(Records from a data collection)
──────────────────────────────
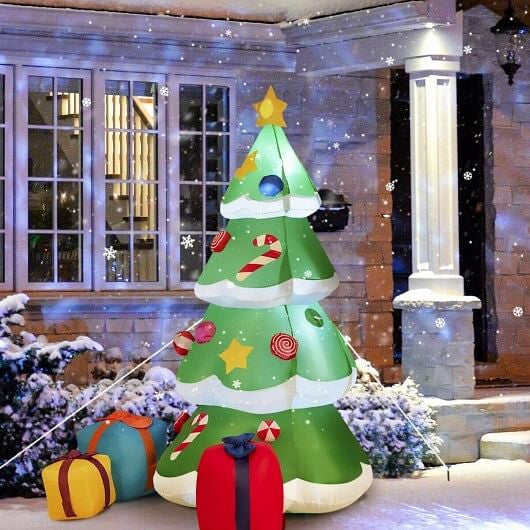 Inflatable Christmas Tree with 3 Gift Wrapped Boxes-3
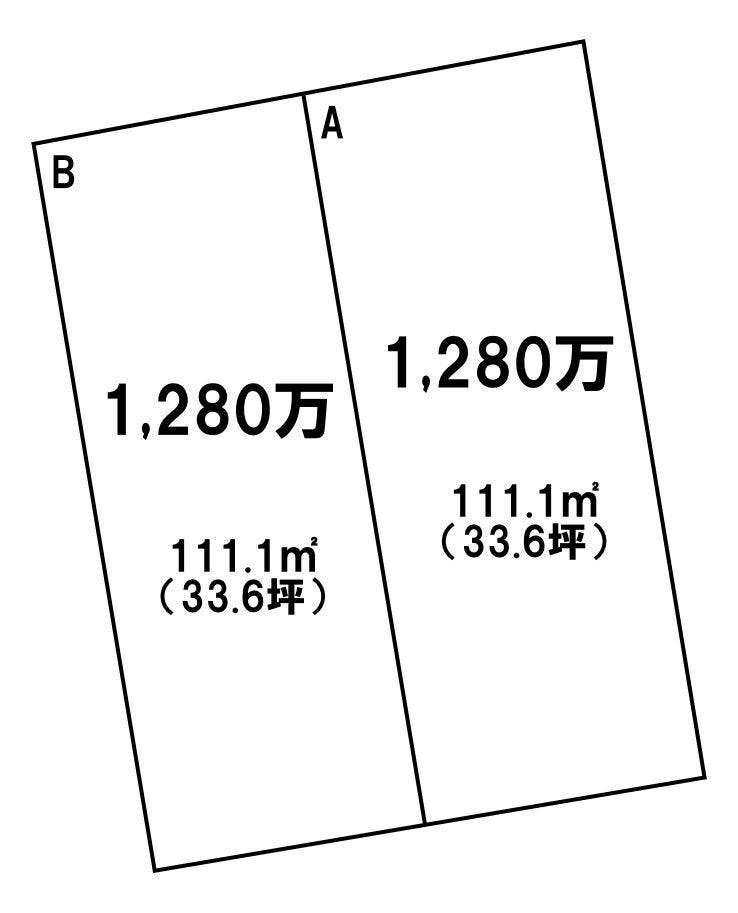 分譲区画マップ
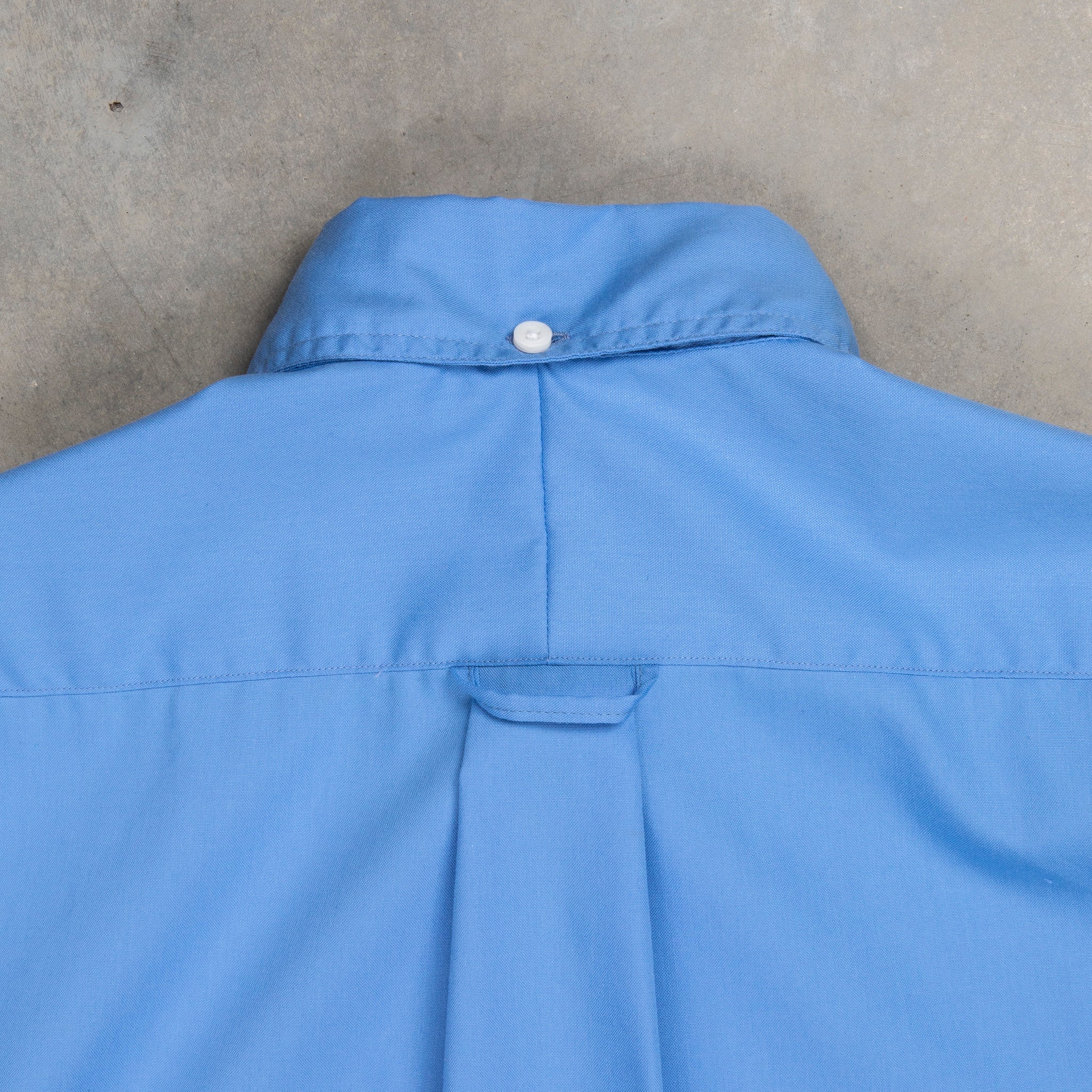 Gitman Vintage x Frans Boone Supima Oxford Ocean
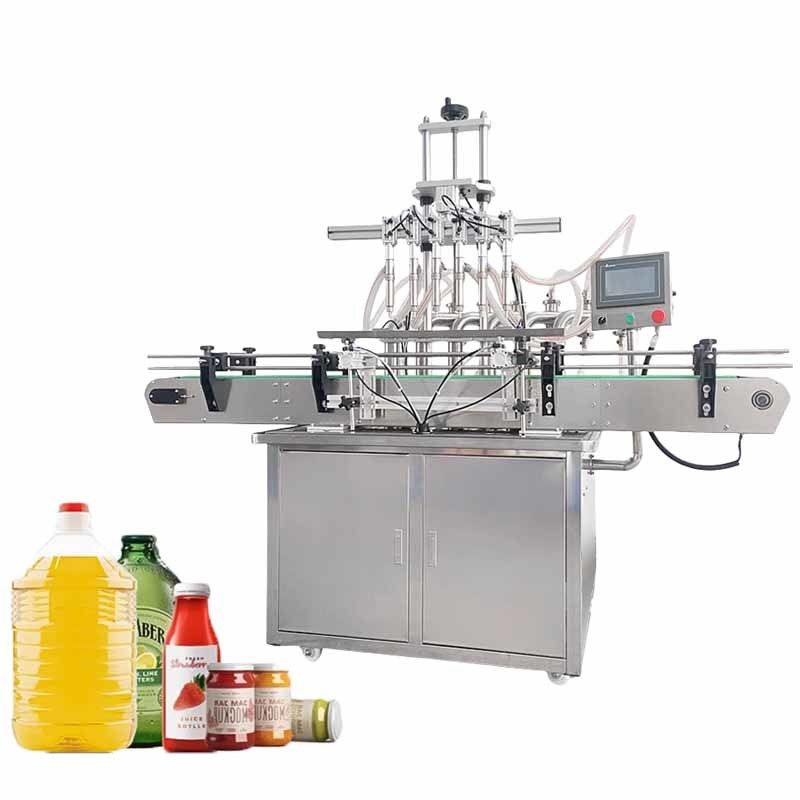 Ligne de production automatique de remplissage de liquide automatique de petites bouteilles automatiques de remplissage de liquide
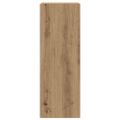 VidaXL 8 dielna súprava nástennej TV skrinky Artisan Oak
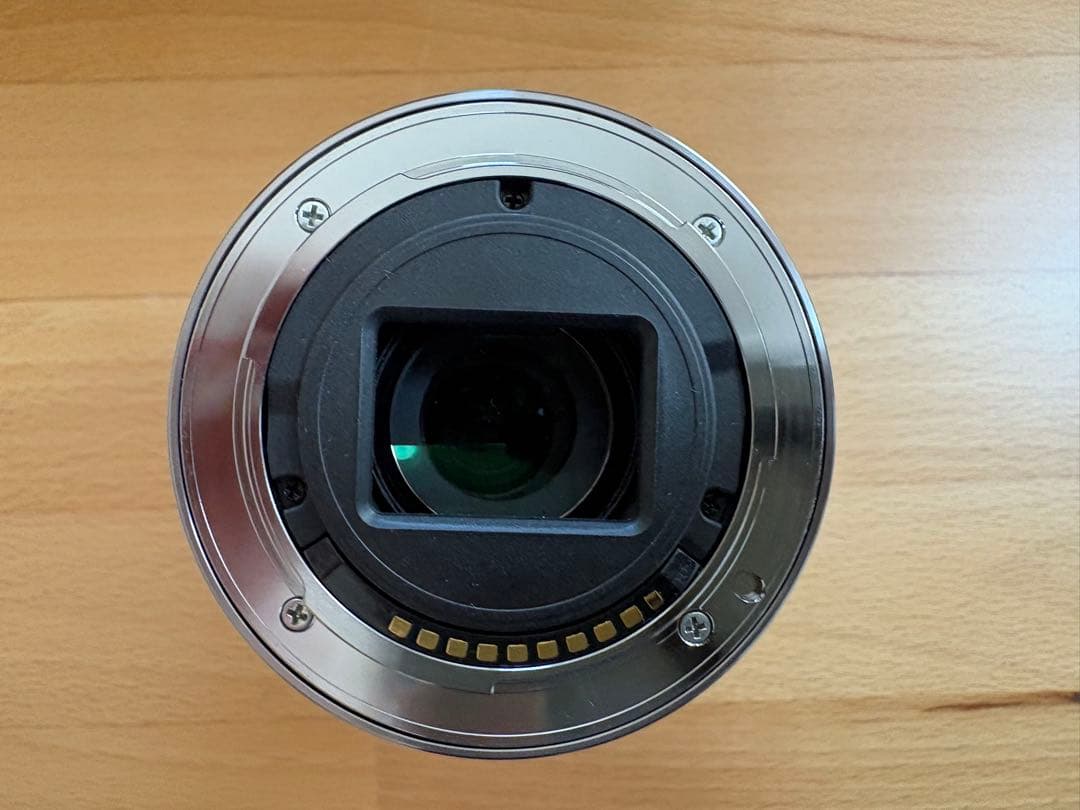 SONY ミラーレス一眼カメラ ホワイト α5100 望遠レンズ付き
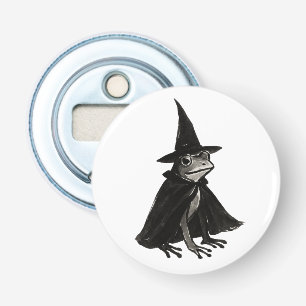 Décapsuleur La Grenouille Sorcière – Dessin Halloween au Pince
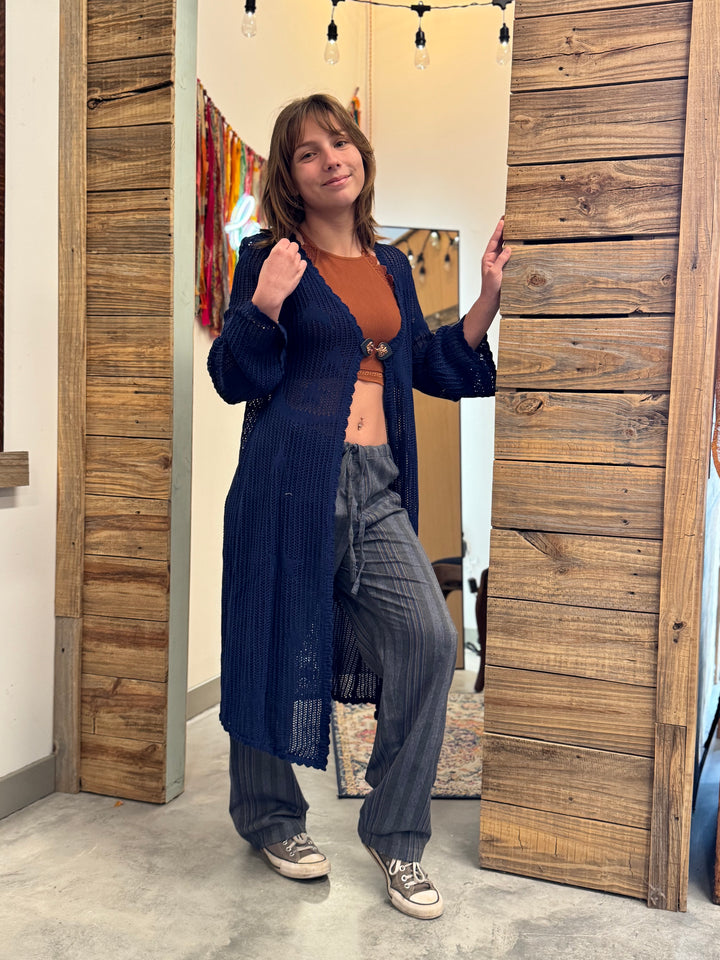 Boho Lounge Stripe Pants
──────────────────────────────
Once the pictures are set aside, transcribe the remaining lines above exactly.

 Inflatable Christmas Tree with 3 Gift Wrapped Boxes-3
 分譲区画マップ
 Gitman Vintage x Frans Boone Supima Oxford Ocean
 Ligne de production automatique de remplissage de liquide automatique de petites bouteilles automatiques de remplissage de liquide
 VidaXL 8 dielna súprava nástennej TV skrinky Artisan Oak
 SONY ミラーレス一眼カメラ ホワイト α5100 望遠レンズ付き
 Décapsuleur La Grenouille Sorcière – Dessin Halloween au Pince
 Boho Lounge Stripe Pants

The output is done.